:: Given information ::
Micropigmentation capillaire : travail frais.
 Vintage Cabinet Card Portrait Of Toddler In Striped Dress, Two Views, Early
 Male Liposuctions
:::
■ How to complete this task
With no line omitted, copy all the data exactly.

■ Solution to this problem
Micropigmentation capillaire : travail frais.
 Vintage Cabinet Card Portrait Of Toddler In Striped Dress, Two Views, Early
 Male Liposuctions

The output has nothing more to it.